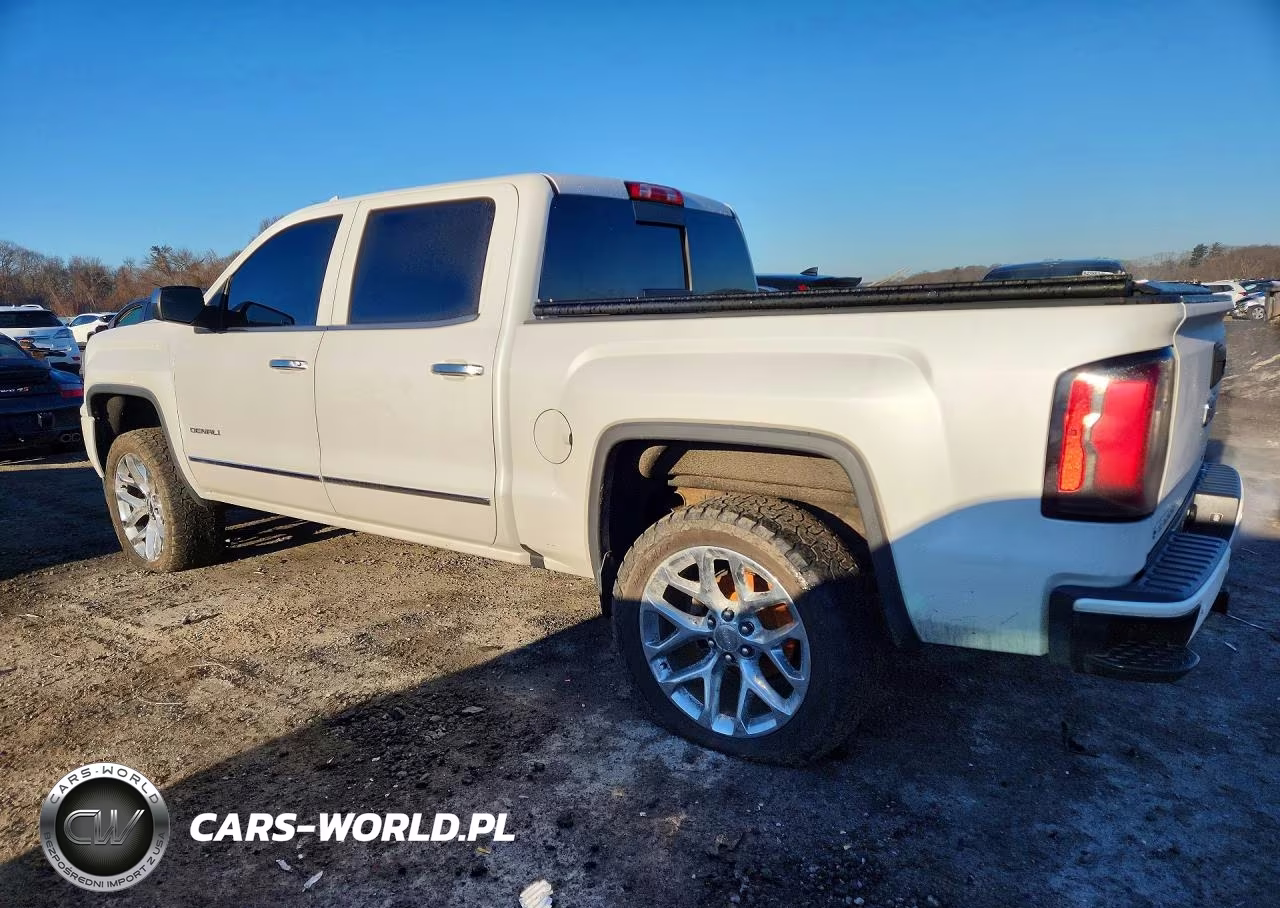 2018 GMC Sierra K1500 Denali VIN:3GTU2PEC6JG592234 - 2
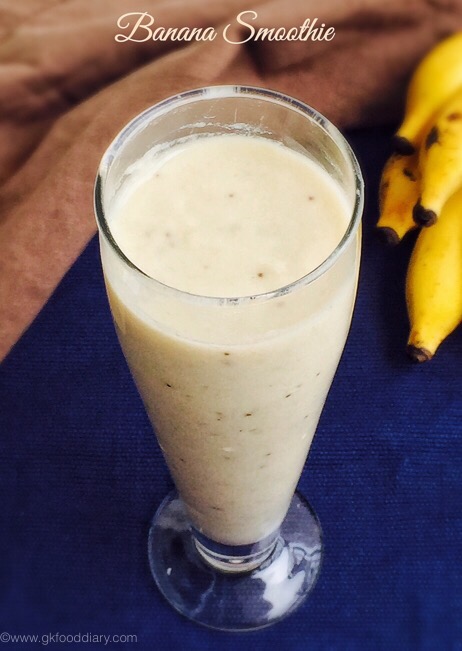 Banana Smoothie for Babies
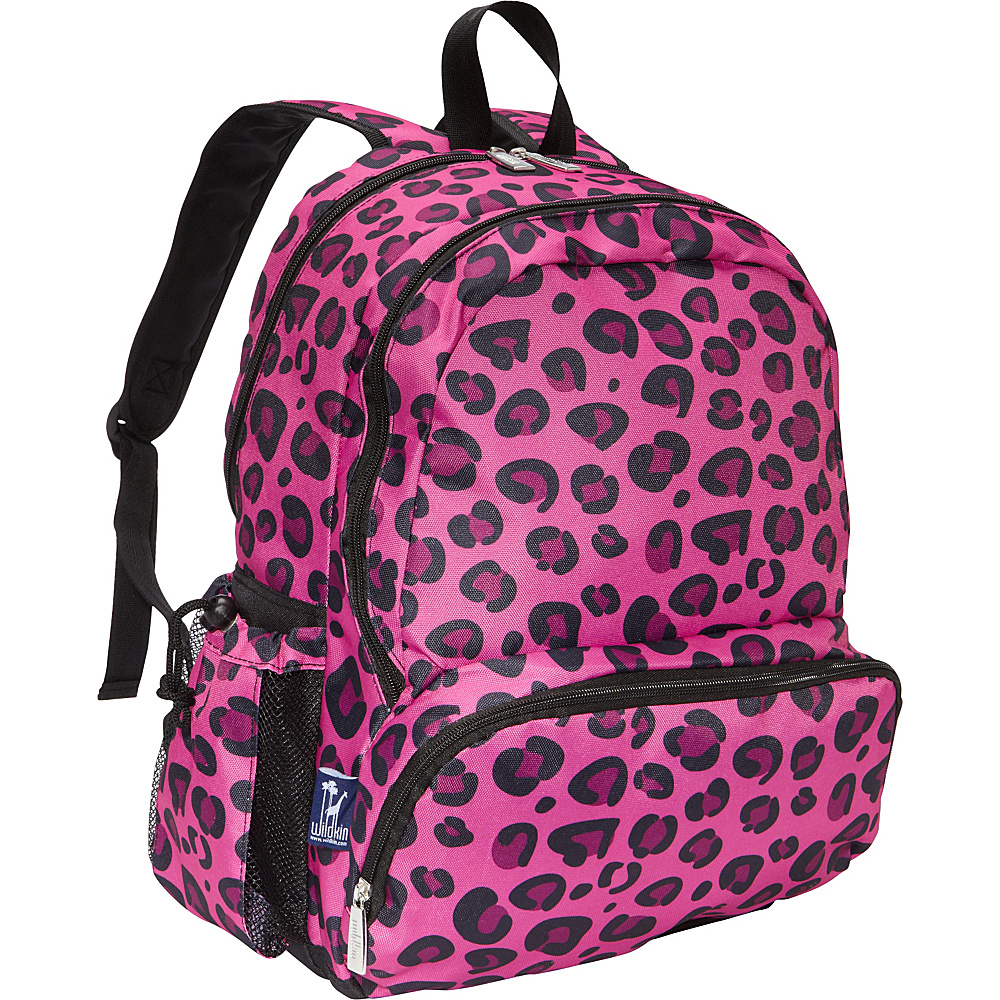 Wildkin Megapak Backpack Pink Leopard Wildkin Everyday Backpacks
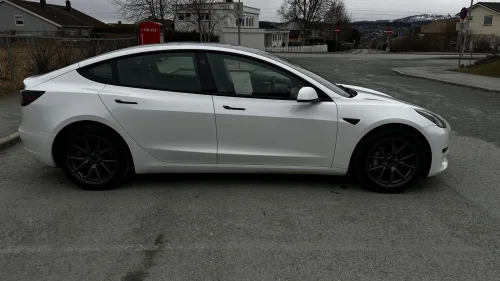 TESLA Model 3 Standard Range Plus / Damekjørt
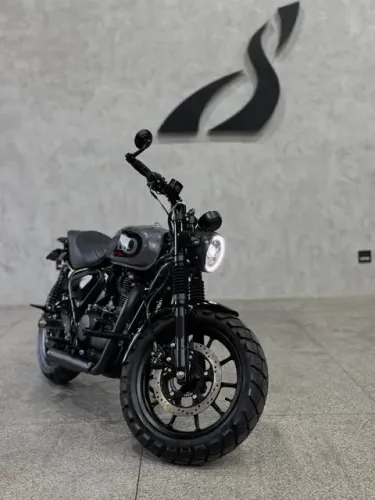 ROYAL ENFIELD HUNTER 350 CUSTOMIZADA 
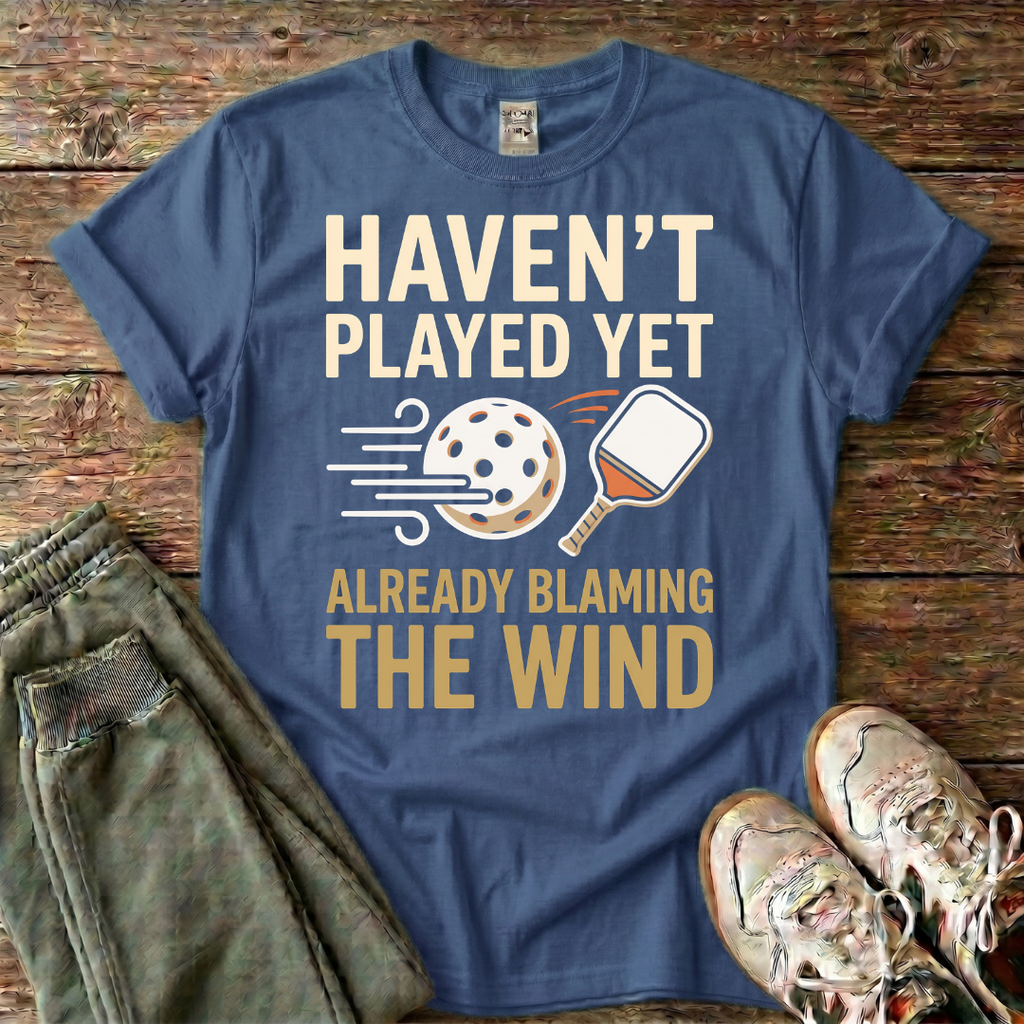 Blaming the Wind T-Shirt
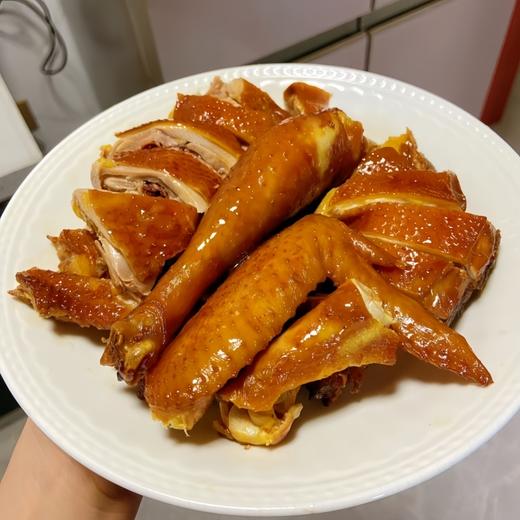 广式玫瑰豉油鸡 | 99秒杀3只！每只足足800-900g！精选散养走地鸡 现杀现做 古法烹饪 独家秘制酱料 丝丝入味 商品图1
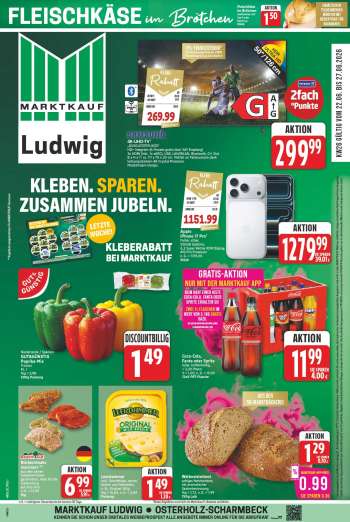 Prospekte Marktkauf - 22.06.2026 - 27.06.2026.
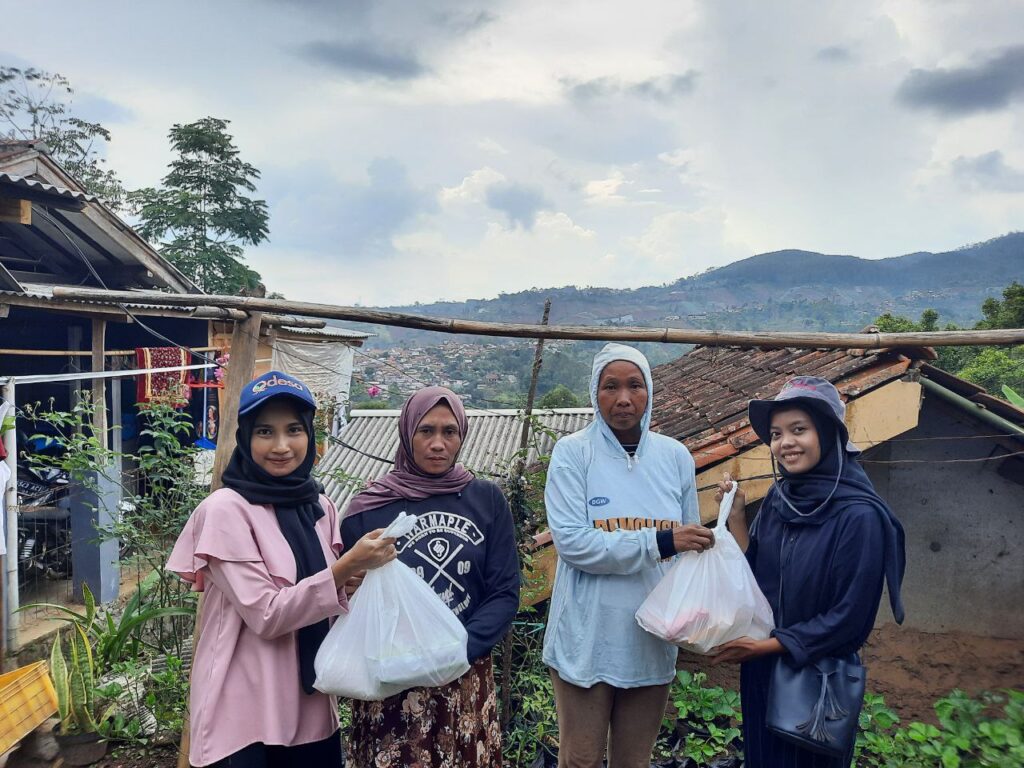 Donasi untuk masyarakat yang berkelanjutan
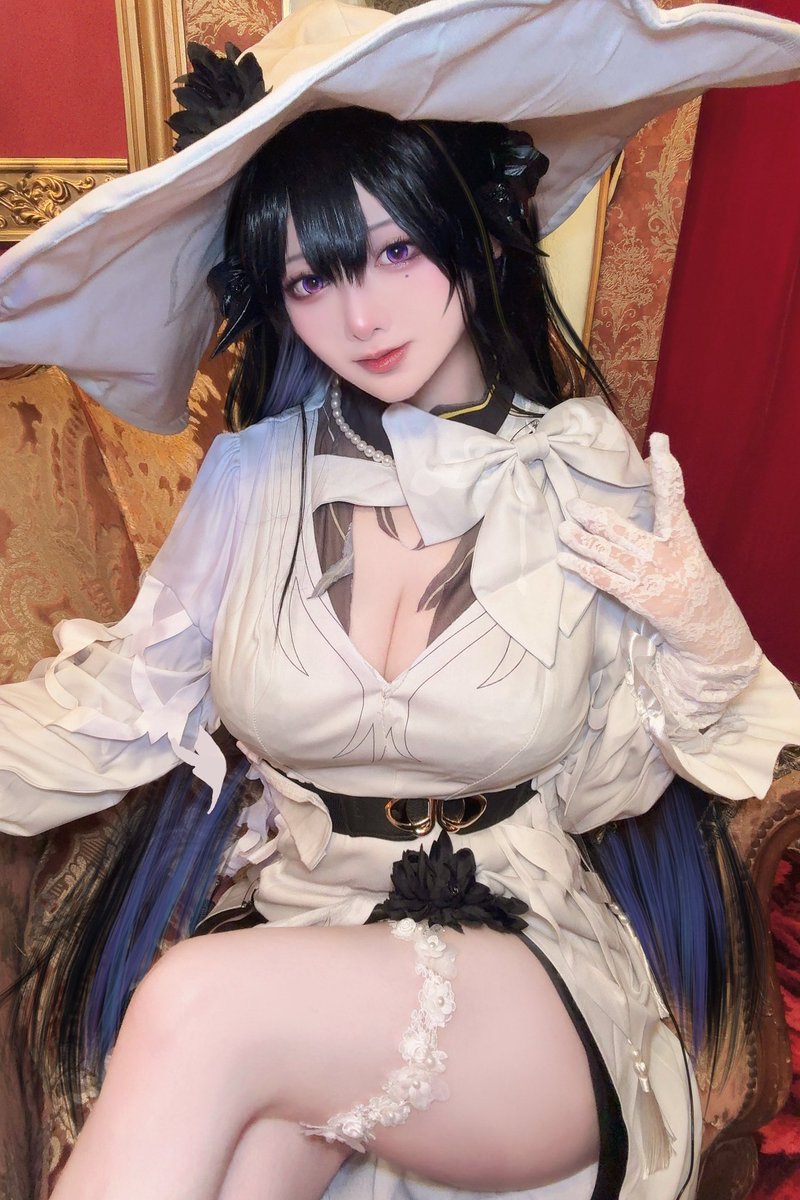 yuzu42213's tweet photo. cosplay / ダリア 🖤 #TheDahlia https://t.co/0g1hvcPooD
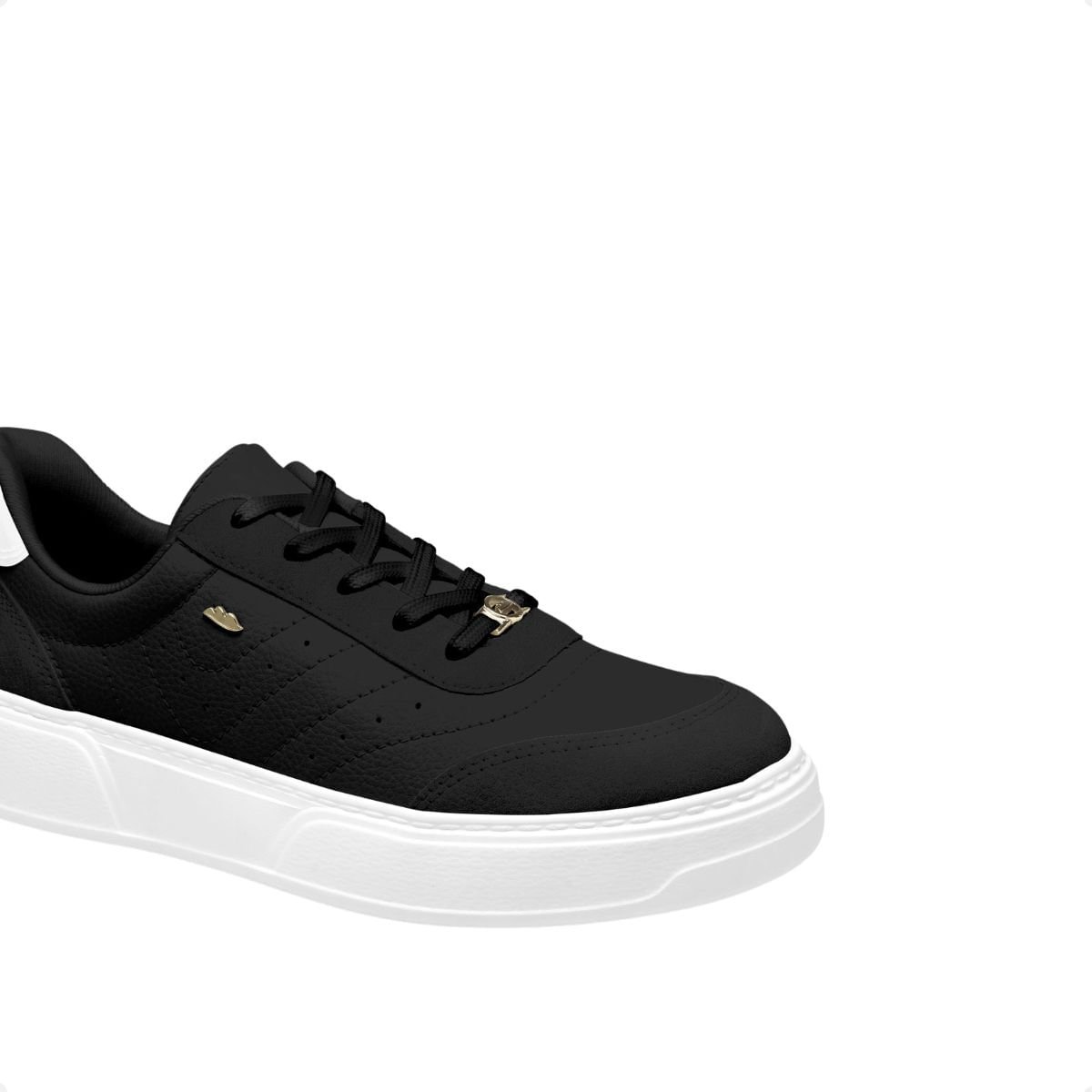 Tênis Moda Casual Dakota Preto Preto 3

■ TASK INSTRUCTIONS: The response should be the full material, repeated exactly, with images removed.

■ ANSWER FOR THIS EXERCISE:
 2018 GMC Sierra K1500 Denali VIN:3GTU2PEC6JG592234 - 2
 Banana Smoothie for Babies
 Wildkin Megapak Backpack Pink Leopard Wildkin Everyday Backpacks
 TESLA Model 3 Standard Range Plus / Damekjørt
 ROYAL ENFIELD HUNTER 350 CUSTOMIZADA 
 Blaming the Wind T-Shirt
 广式玫瑰豉油鸡 | 99秒杀3只！每只足足800-900g！精选散养走地鸡 现杀现做 古法烹饪 独家秘制酱料 丝丝入味 商品图1
 Prospekte Marktkauf - 22.06.2026 - 27.06.2026.
 Donasi untuk masyarakat yang berkelanjutan
 yuzu42213's tweet photo. cosplay / ダリア 🖤 #TheDahlia https://t.co/0g1hvcPooD
 Tênis Moda Casual Dakota Preto Preto 3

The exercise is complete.